- WHAT IS NEEDED -
In the copy you make, include no pictures, and transcribe every record exactly.

BEGIN

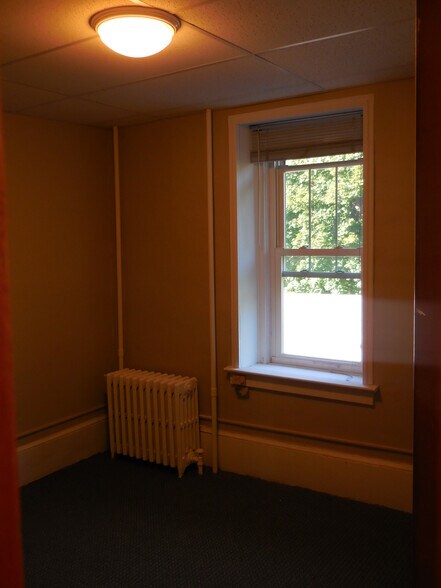 Building Photo - 31 New Turnpike Rd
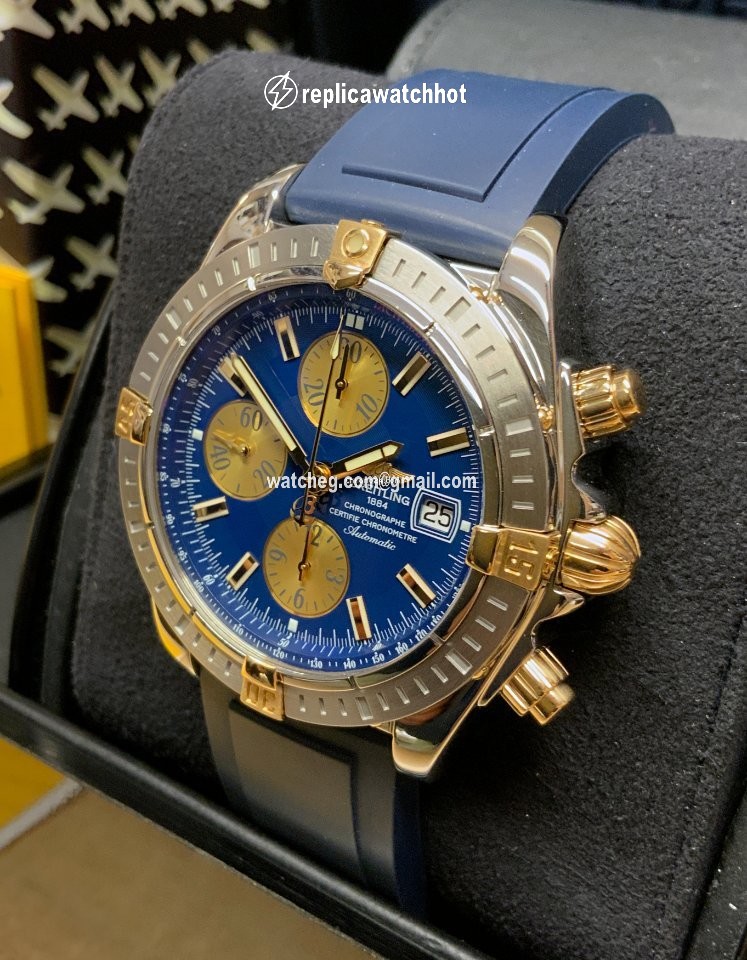 Breitling Chronomat Evolution Mens watch Unisex Automatic Gold Steel B13356 2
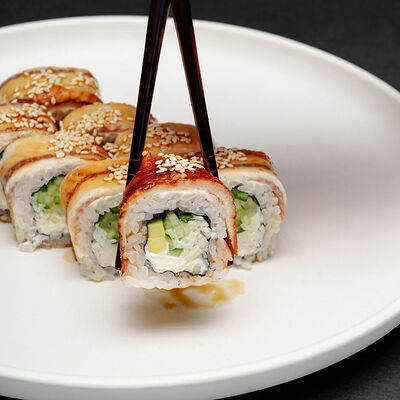 Угорь в Пару палок по цене 755 ₽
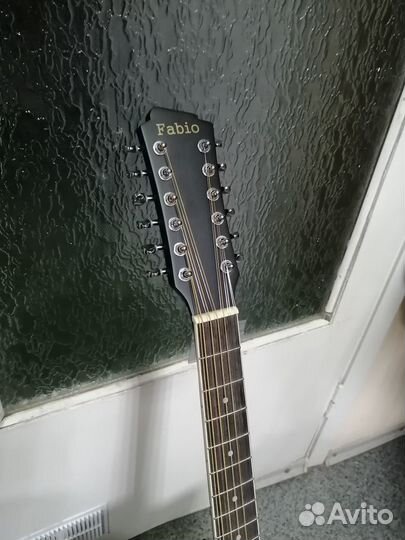 12-ти струнная гитара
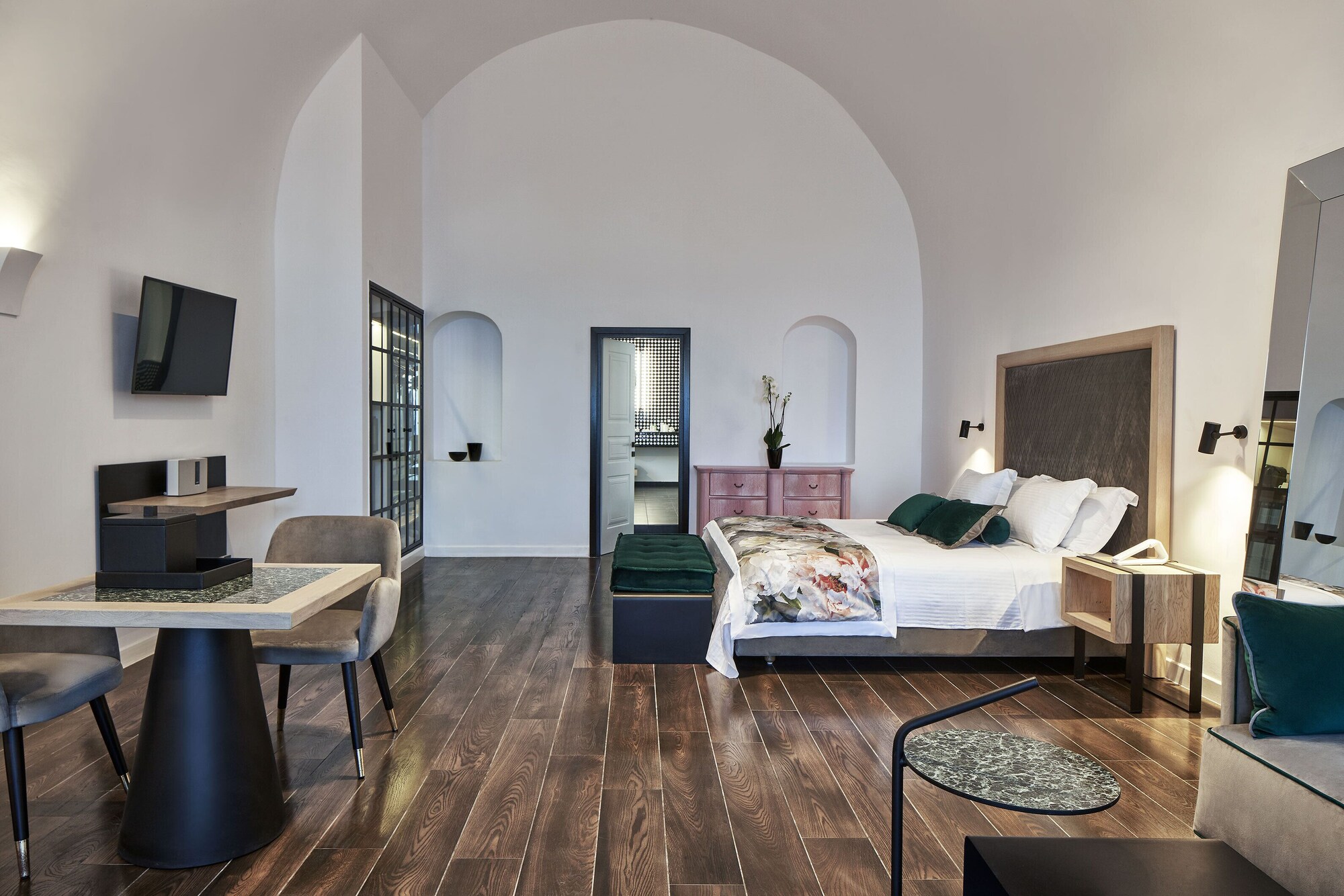 Senior, Suite, King Bed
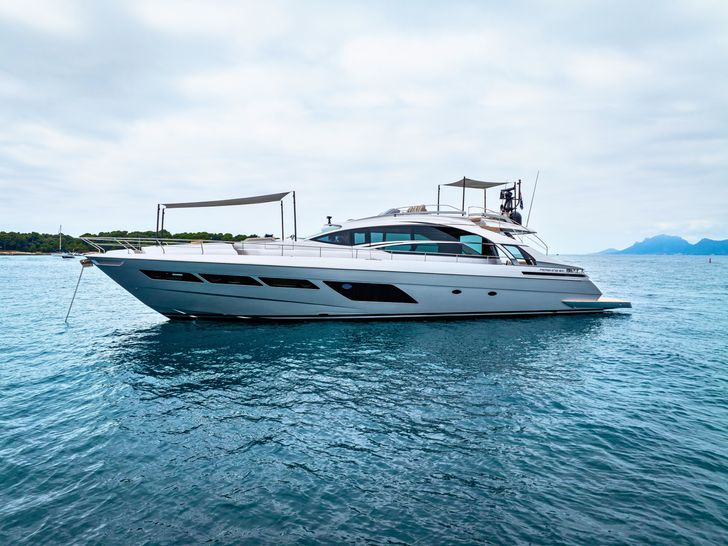 CHERRY Pershing 8X - side profile CHERRY Pershing 8X - side profile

END

- ANSWER BOX -
 Building Photo - 31 New Turnpike Rd
 Breitling Chronomat Evolution Mens watch Unisex Automatic Gold Steel B13356 2
 Угорь в Пару палок по цене 755 ₽
 12-ти струнная гитара
 Senior, Suite, King Bed
 CHERRY Pershing 8X - side profile CHERRY Pershing 8X - side profile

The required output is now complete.